### EXCERPTED DATA
-- Opening Marker --

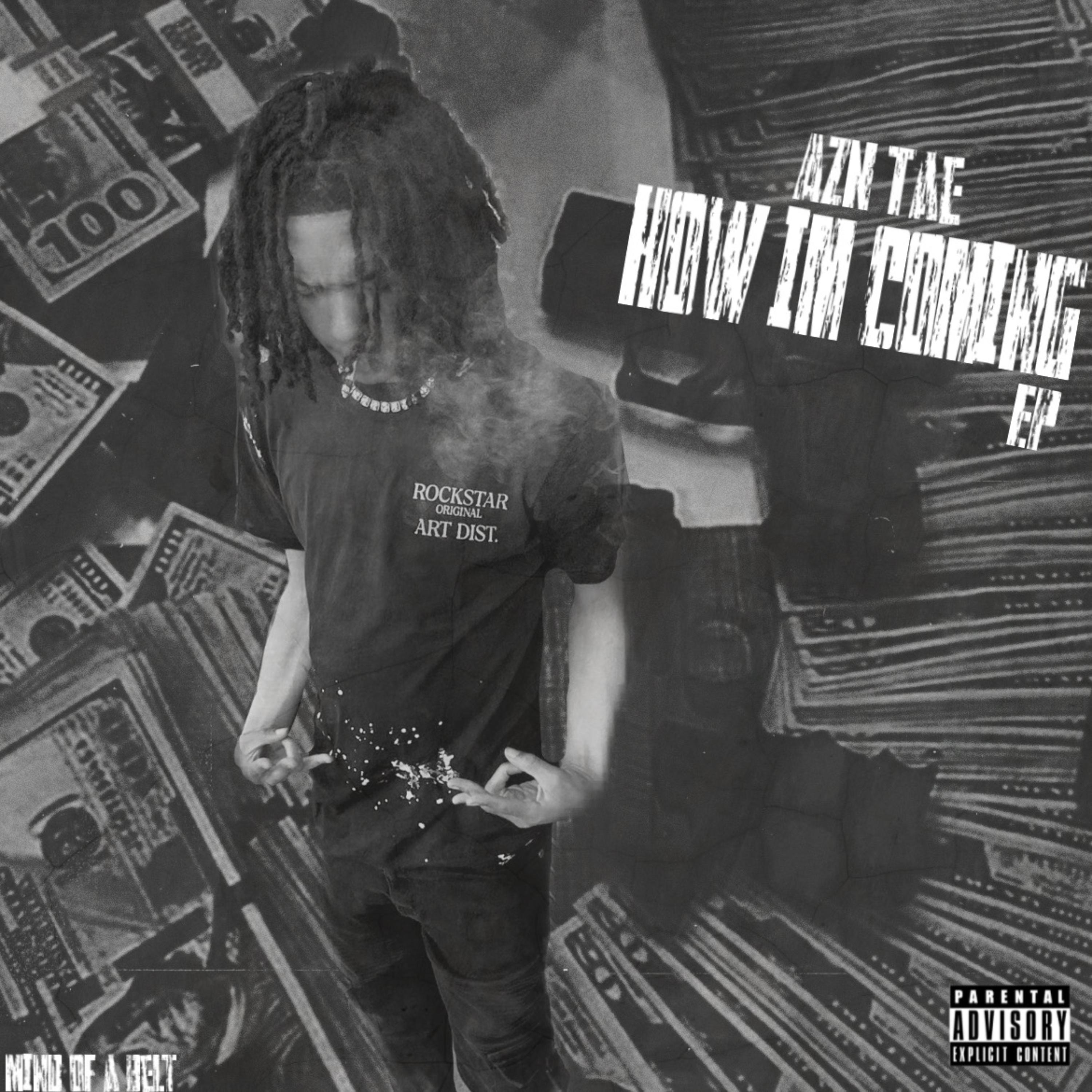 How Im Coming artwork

-- Closing Marker --
-- Opening Marker --

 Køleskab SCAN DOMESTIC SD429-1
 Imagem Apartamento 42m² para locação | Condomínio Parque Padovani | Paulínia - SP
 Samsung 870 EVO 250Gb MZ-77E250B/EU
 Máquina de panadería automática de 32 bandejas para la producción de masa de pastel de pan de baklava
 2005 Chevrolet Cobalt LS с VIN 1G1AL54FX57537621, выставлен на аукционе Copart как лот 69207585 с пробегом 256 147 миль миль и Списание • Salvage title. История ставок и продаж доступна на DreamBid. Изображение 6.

-- Closing Marker --

### WHAT TO DO
State the number of lines in the records that include the string "para", without any other words.

### YOUR SOLUTION
2